Problem to solve
The exact lines of the listing, from its first through the line that contains "CubeSmart Self Storage", are to make up the answer, and pictures are to be left out.

+---+

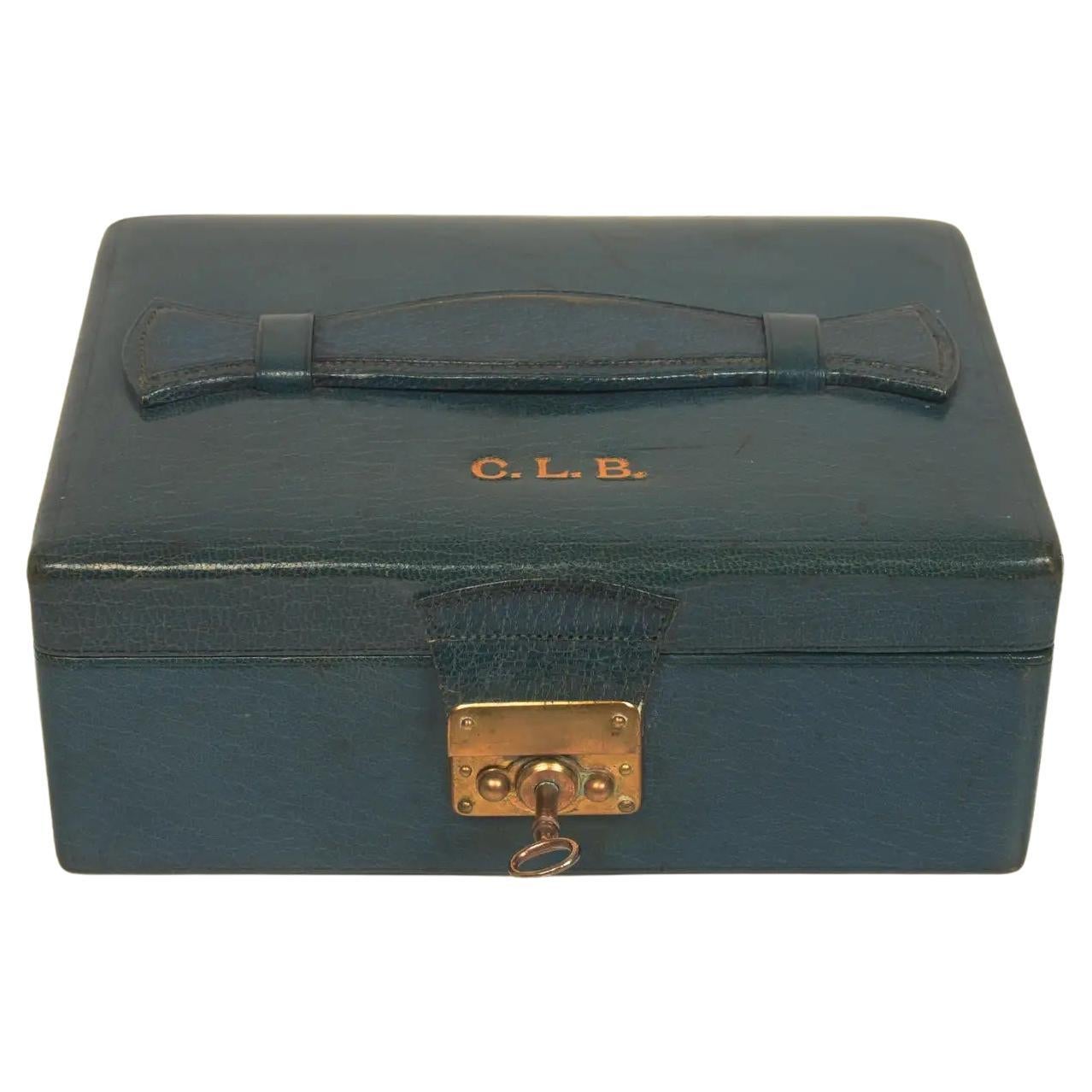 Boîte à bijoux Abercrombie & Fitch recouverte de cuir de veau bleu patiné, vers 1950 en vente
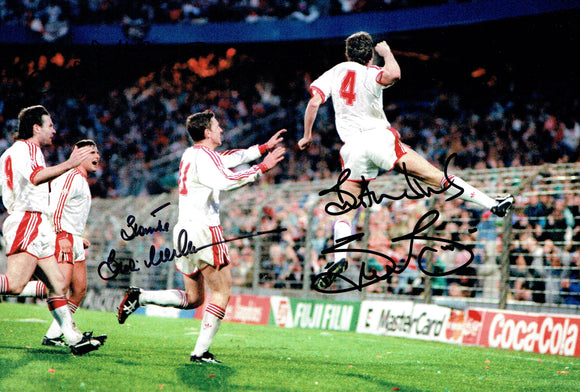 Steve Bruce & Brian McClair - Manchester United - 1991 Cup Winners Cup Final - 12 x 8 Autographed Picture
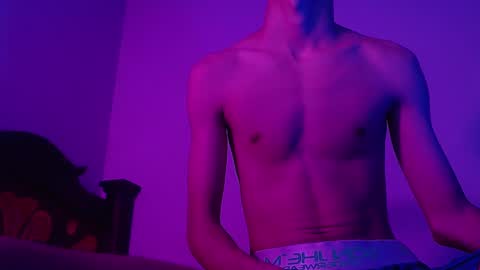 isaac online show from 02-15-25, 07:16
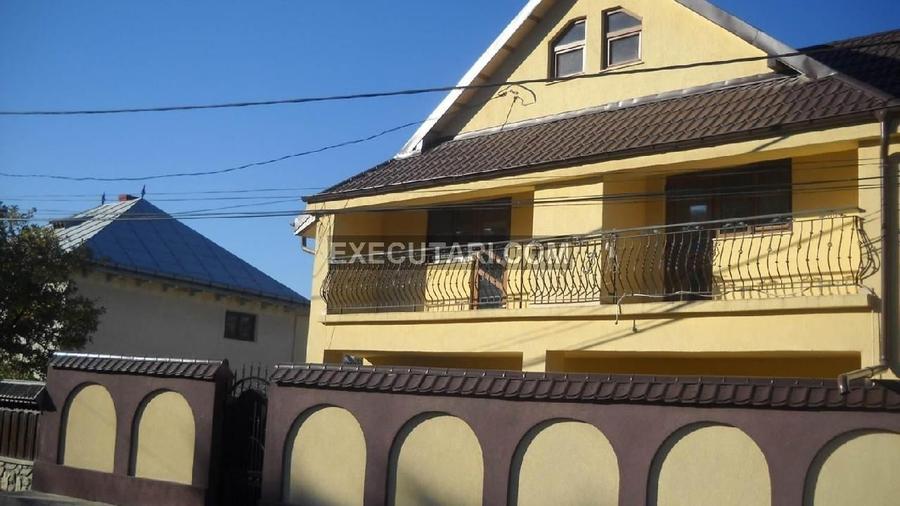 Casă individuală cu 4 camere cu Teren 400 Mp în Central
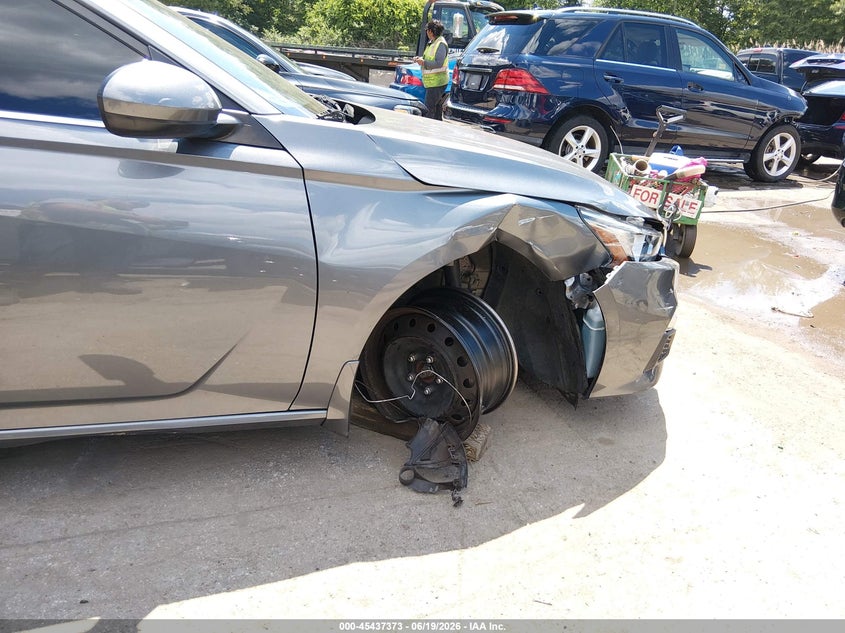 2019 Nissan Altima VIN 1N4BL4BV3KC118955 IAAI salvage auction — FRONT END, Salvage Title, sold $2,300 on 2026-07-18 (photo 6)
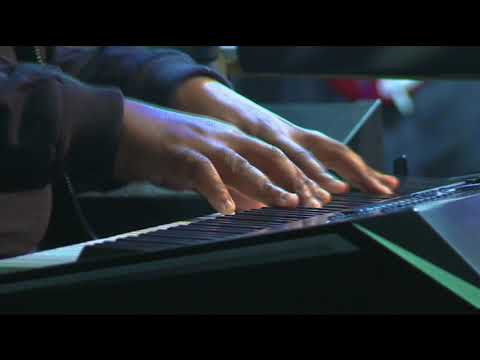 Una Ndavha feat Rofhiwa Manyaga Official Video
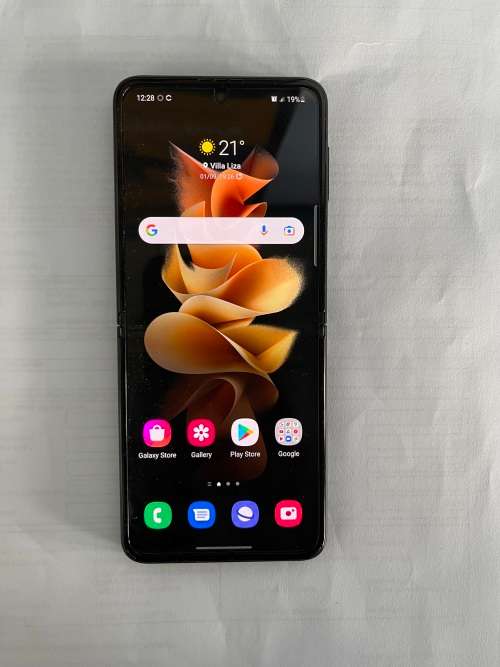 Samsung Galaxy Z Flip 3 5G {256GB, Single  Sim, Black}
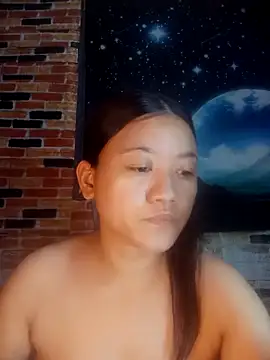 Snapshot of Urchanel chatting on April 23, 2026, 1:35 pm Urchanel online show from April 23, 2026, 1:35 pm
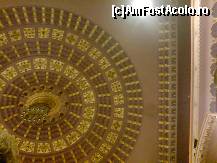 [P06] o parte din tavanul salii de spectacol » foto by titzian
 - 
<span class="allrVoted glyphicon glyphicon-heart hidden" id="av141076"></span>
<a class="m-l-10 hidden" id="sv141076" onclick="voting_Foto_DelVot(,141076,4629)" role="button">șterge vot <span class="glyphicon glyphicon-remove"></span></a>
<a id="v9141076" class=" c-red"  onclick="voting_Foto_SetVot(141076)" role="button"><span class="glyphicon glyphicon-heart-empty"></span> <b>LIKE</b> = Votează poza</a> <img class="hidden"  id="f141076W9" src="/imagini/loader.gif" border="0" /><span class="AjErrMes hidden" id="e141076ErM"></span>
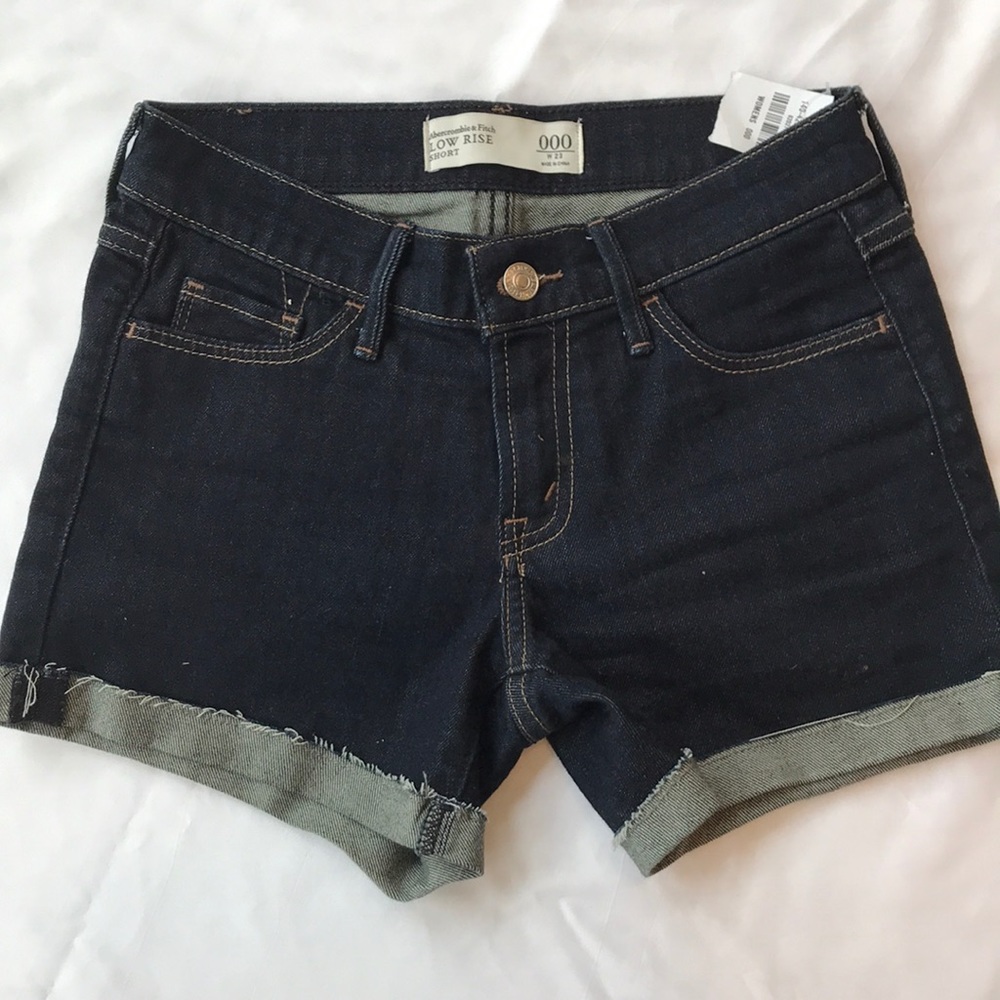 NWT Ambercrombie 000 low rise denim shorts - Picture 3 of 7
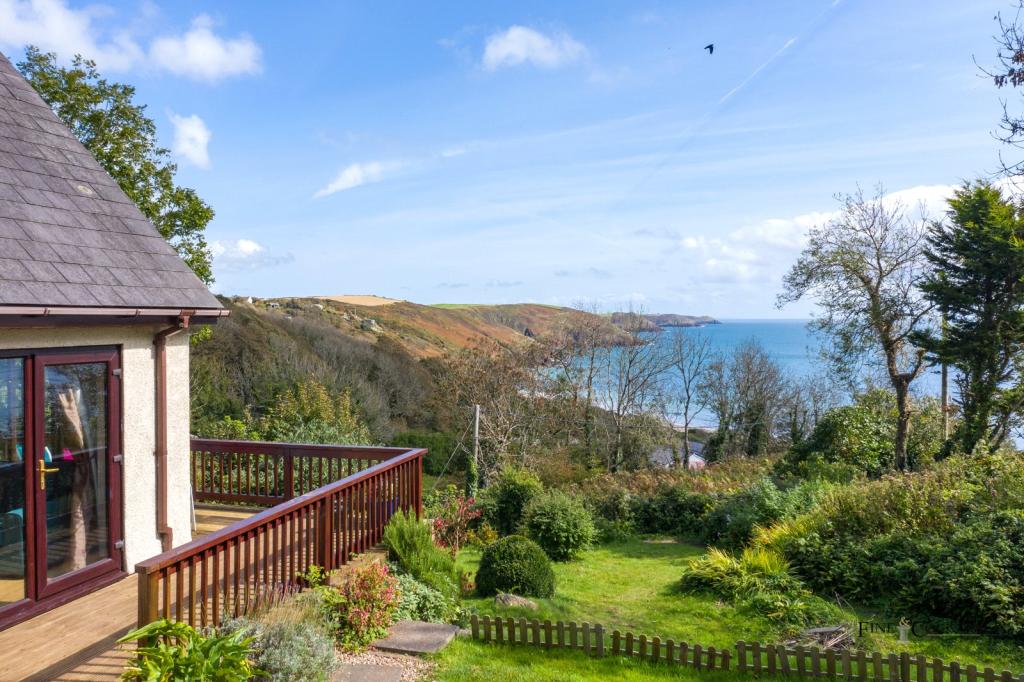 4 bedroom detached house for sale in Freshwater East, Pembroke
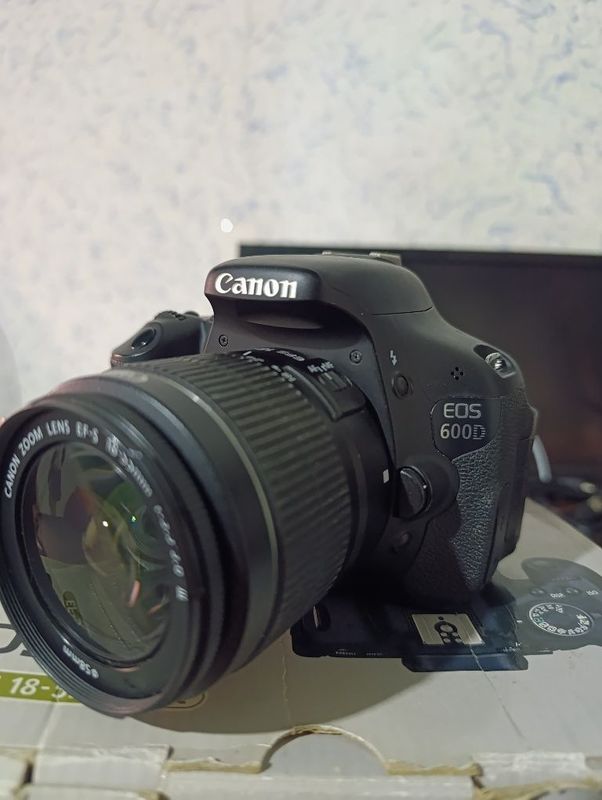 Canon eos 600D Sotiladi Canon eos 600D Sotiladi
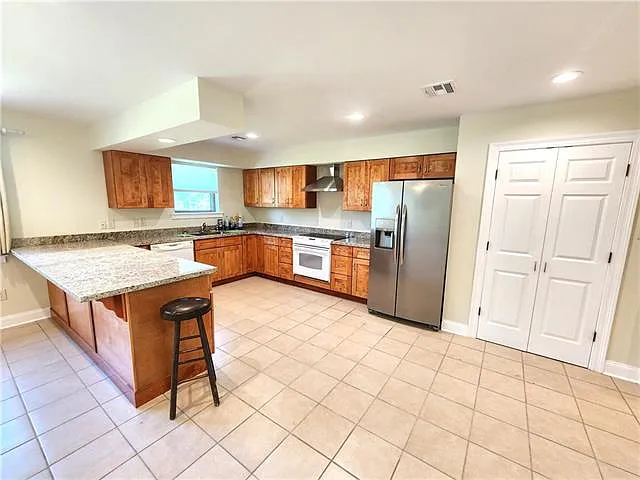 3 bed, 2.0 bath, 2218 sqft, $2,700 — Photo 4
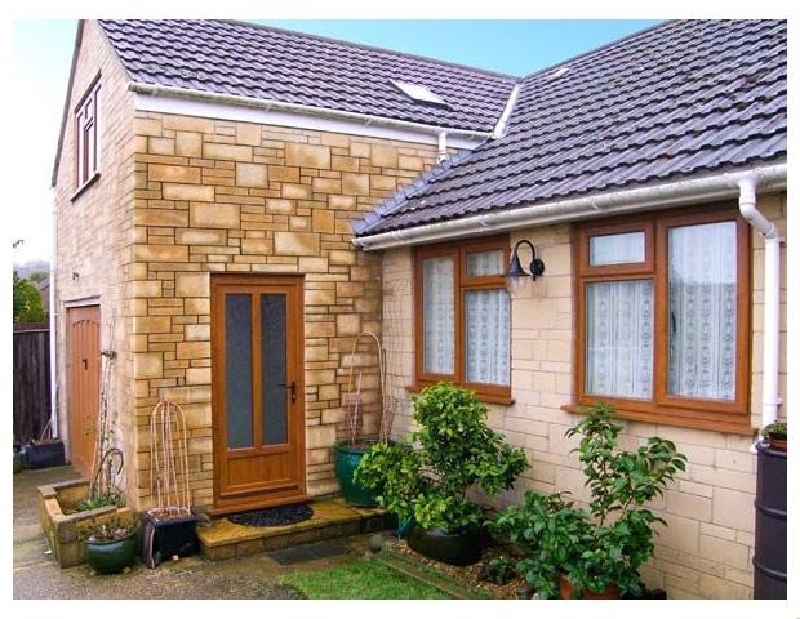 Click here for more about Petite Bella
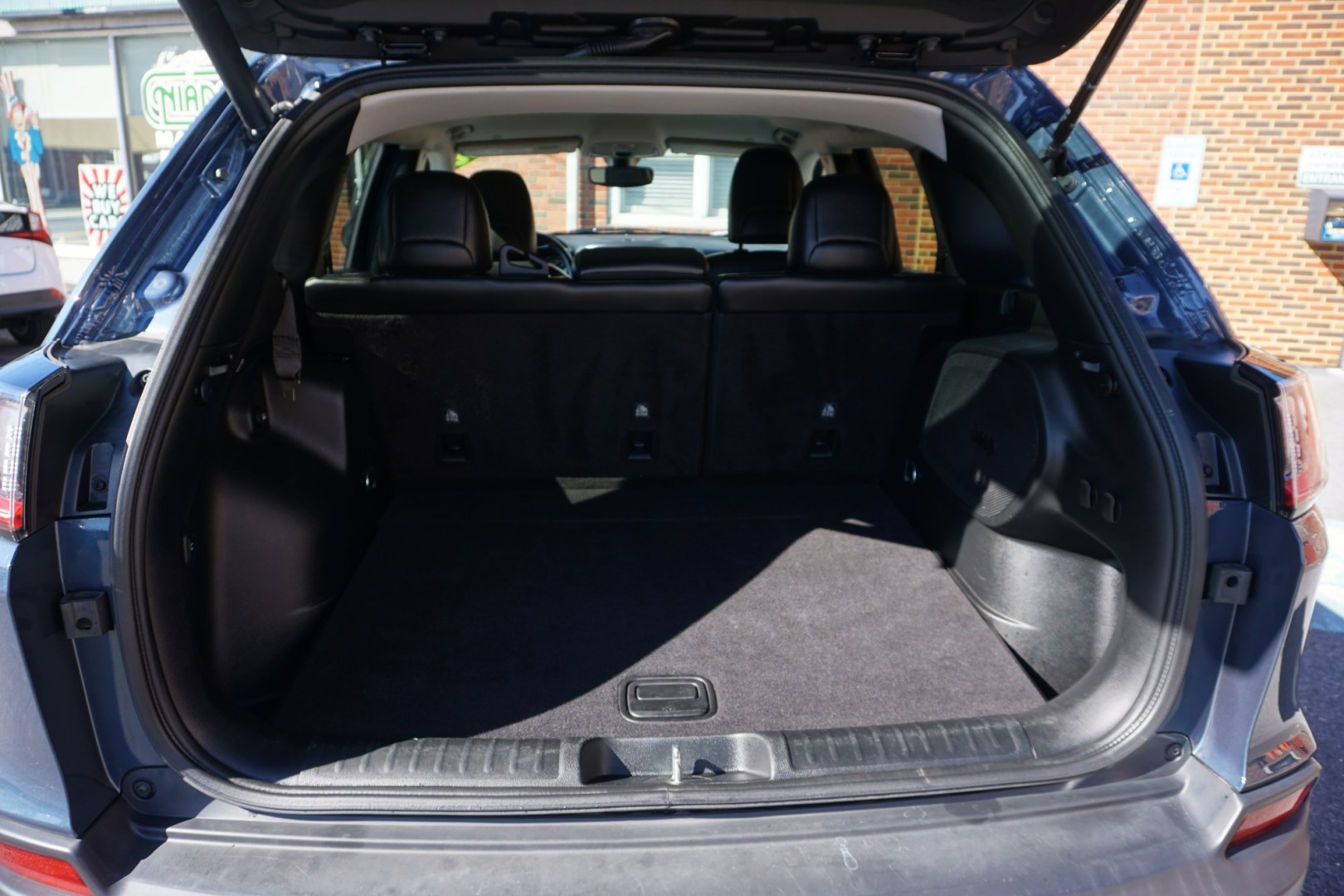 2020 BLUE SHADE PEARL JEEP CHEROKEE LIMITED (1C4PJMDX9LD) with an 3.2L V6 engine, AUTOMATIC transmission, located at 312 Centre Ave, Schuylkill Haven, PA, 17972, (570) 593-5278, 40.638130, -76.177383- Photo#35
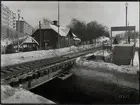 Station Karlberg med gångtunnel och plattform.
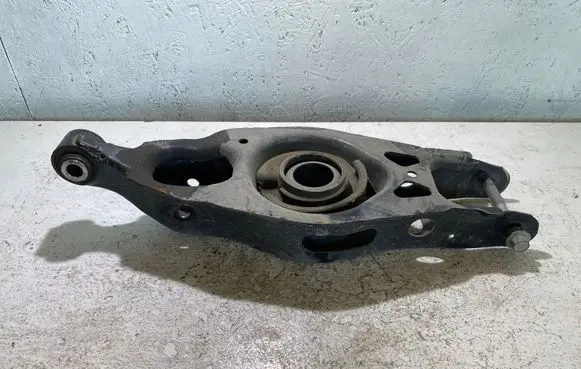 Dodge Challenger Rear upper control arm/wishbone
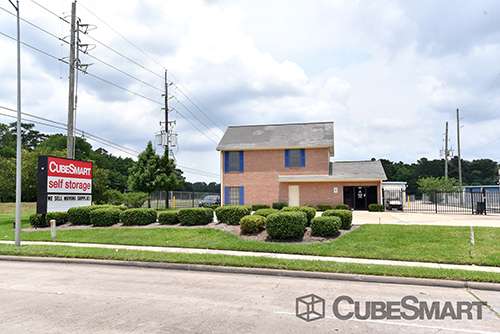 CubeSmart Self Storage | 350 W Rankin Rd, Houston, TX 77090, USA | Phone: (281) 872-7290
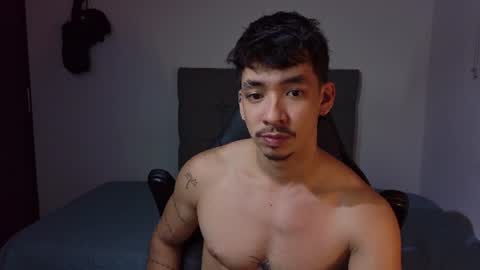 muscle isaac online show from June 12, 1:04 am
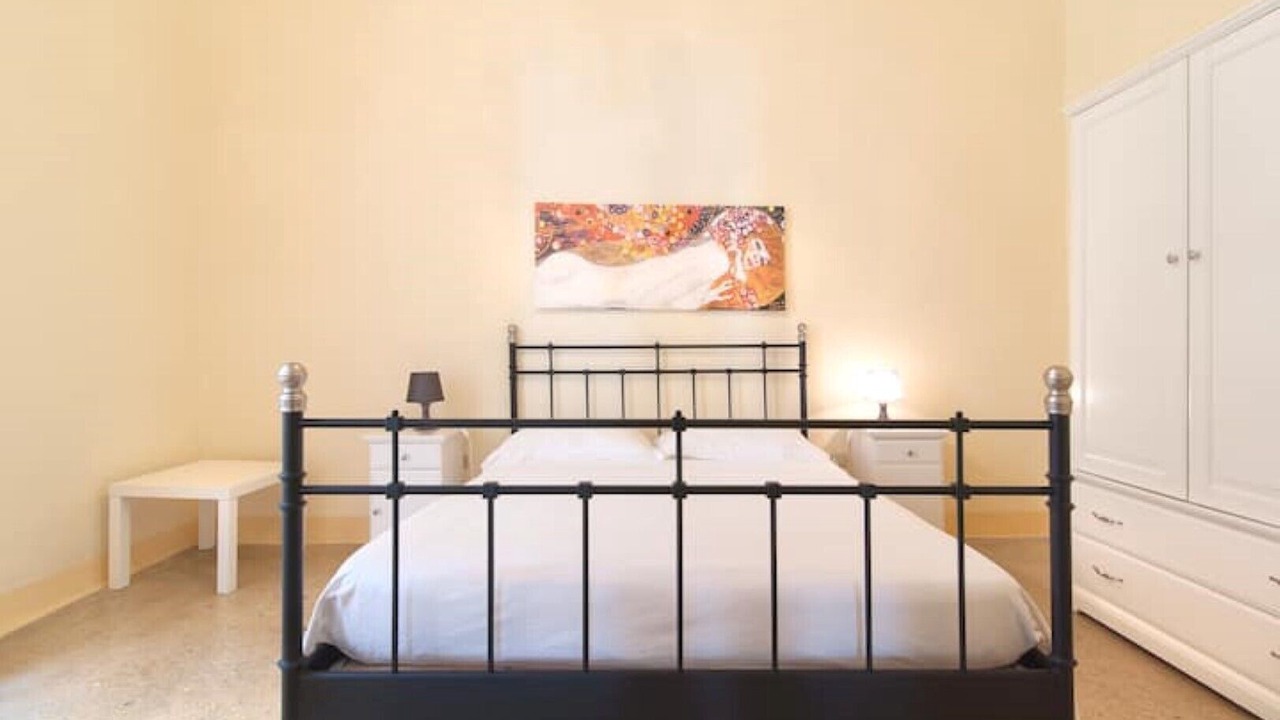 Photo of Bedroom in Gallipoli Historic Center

+---+

Answer for this exercise
 Boîte à bijoux Abercrombie & Fitch recouverte de cuir de veau bleu patiné, vers 1950 en vente
 Steve Bruce & Brian McClair - Manchester United - 1991 Cup Winners Cup Final - 12 x 8 Autographed Picture
 isaac online show from 02-15-25, 07:16
 Casă individuală cu 4 camere cu Teren 400 Mp în Central
 2019 Nissan Altima VIN 1N4BL4BV3KC118955 IAAI salvage auction — FRONT END, Salvage Title, sold $2,300 on 2026-07-18 (photo 6)
 Una Ndavha feat Rofhiwa Manyaga Official Video
 Samsung Galaxy Z Flip 3 5G {256GB, Single  Sim, Black}
 Snapshot of Urchanel chatting on April 23, 2026, 1:35 pm Urchanel online show from April 23, 2026, 1:35 pm
 [P06] o parte din tavanul salii de spectacol » foto by titzian
 - 
<span class="allrVoted glyphicon glyphicon-heart hidden" id="av141076"></span>
<a class="m-l-10 hidden" id="sv141076" onclick="voting_Foto_DelVot(,141076,4629)" role="button">șterge vot <span class="glyphicon glyphicon-remove"></span></a>
<a id="v9141076" class=" c-red"  onclick="voting_Foto_SetVot(141076)" role="button"><span class="glyphicon glyphicon-heart-empty"></span> <b>LIKE</b> = Votează poza</a> <img class="hidden"  id="f141076W9" src="/imagini/loader.gif" border="0" /><span class="AjErrMes hidden" id="e141076ErM"></span>
 NWT Ambercrombie 000 low rise denim shorts - Picture 3 of 7
 4 bedroom detached house for sale in Freshwater East, Pembroke
 Canon eos 600D Sotiladi Canon eos 600D Sotiladi
 3 bed, 2.0 bath, 2218 sqft, $2,700 — Photo 4
 Click here for more about Petite Bella
 2020 BLUE SHADE PEARL JEEP CHEROKEE LIMITED (1C4PJMDX9LD) with an 3.2L V6 engine, AUTOMATIC transmission, located at 312 Centre Ave, Schuylkill Haven, PA, 17972, (570) 593-5278, 40.638130, -76.177383- Photo#35
 Station Karlberg med gångtunnel och plattform.
 Dodge Challenger Rear upper control arm/wishbone
 CubeSmart Self Storage | 350 W Rankin Rd, Houston, TX 77090, USA | Phone: (281) 872-7290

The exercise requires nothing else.